When to Avoid Denormalizing
All of this benefit is, of course, predicated on the parent-denormalized architecture working for your needs. Here are a few things to watch out for when considering denormalizing:
Child documents are searched directly
If users search for child documents (meaning a list of child documents is returned) that may be incredibly difficult to replicate using parent-denormalized documents. Consider using faceting to support this, but otherwise an alternative design may be necessary.
Child document fields can’t be ordered
When users may specify dependent child attributes by any of several fields, combinatorial explosion will likely make this method untenable. Up to three elements (with every possible order, A/B/C, A/C/B, B/A/C, B/C/A, C/A/B, C/B/A) can be reasonably supported but going beyond that quickly becomes difficult to manage (24 fields for every order of 4 elements).

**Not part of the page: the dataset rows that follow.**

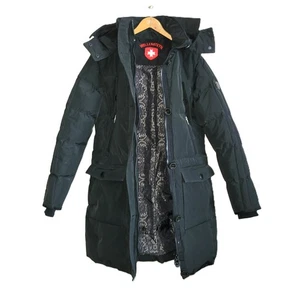 Abrigo de invierno Wellensteyn Centurion Lady chaqueta mujer talla M gris capucha media longitud - Imagen 1 de 10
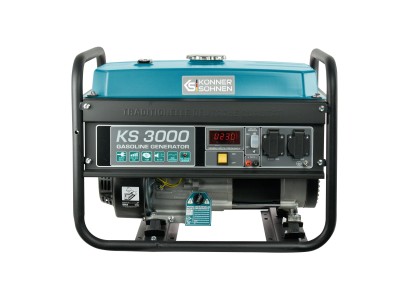 Генератор бензиновий Konner&Sohnen KS 3000, 230В, 3кВт, ручний запуск, 41.5кг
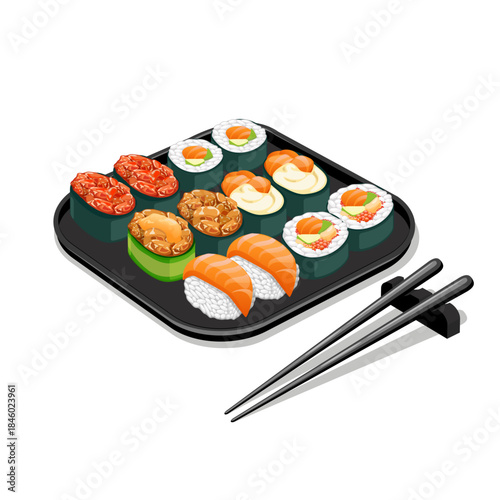 Premium Sushi Rolls Chopsticks Set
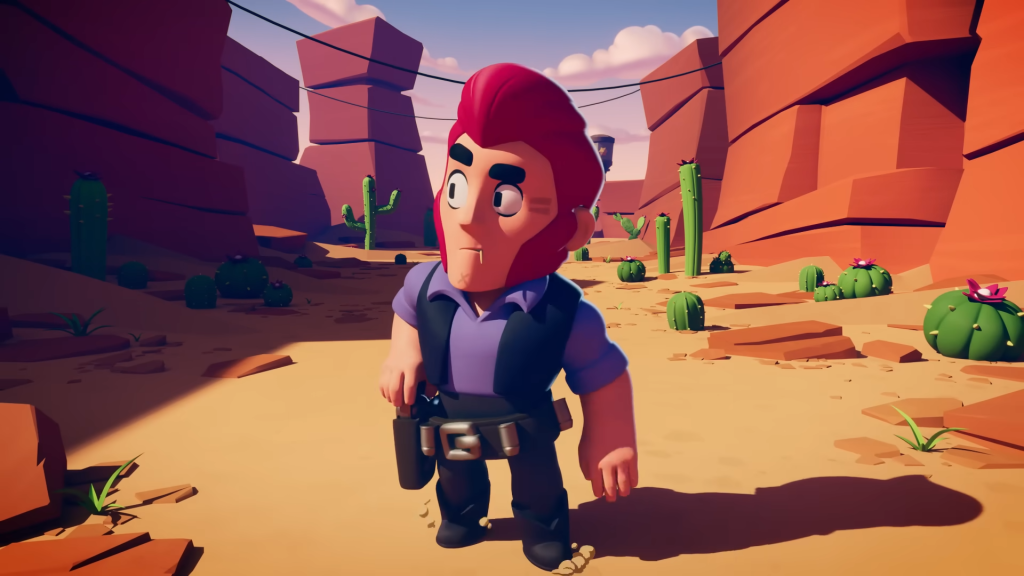 A screenshot of a trailer of Brawl Stars from the official Brawl Stars YouTube channel.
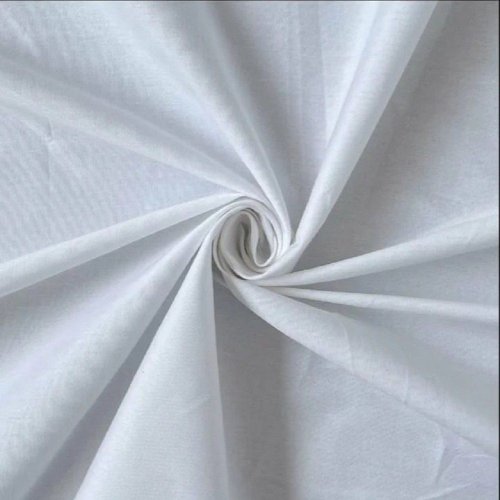 White Cotton Lycra Fabric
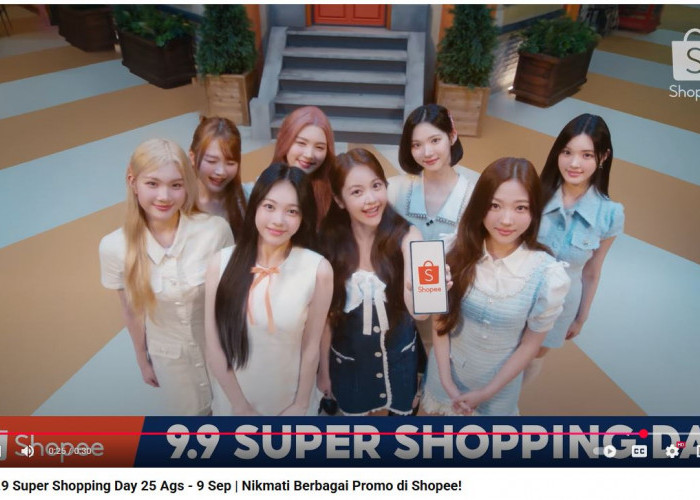 Shopee Gandeng Hearts2Hearts, Iklan Kampanye 9.9 Super Shopping Day Penuh Warna!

Child document structure changes frequently
Getting parent-denormalization to function well usually requires some careful setup. If the essential structure of the child documents changes significantly, much of this work may need to be re-done. Frequent structure changes could mean more time spent on re-engineering than on new features. Some of this will be inevitable, with significant changes required in existing systems to handle updates, but a parent-denormalized architecture is particularly sensitive to them. For most datasets this will not be an issue, as extremely volatile datasets are uncommon and difficult to work with in any case.
Small index size
If your index is very small, ~100K-800K documents or so counting child documents, then many of the performance improvements will be modest. It may not be worth the additional effort to set up a parent-denormalized index. However, if you expect your index size to scale out of that range then it would be worth considering denormalization before scale becomes a problem.
Summary
Denormalization is a powerful tool to increase performance and get more out of Solr. While it isn’t appropriate for all datasets and scenarios, careful analysis and index setup can help this model work in a surprising array of situations. Even if you don’t have parent-child relationships, some of these techniques may help you with unrelated problems. Learning advanced techniques like these may be intimidating, but they can help you get the most out of your Solr installation.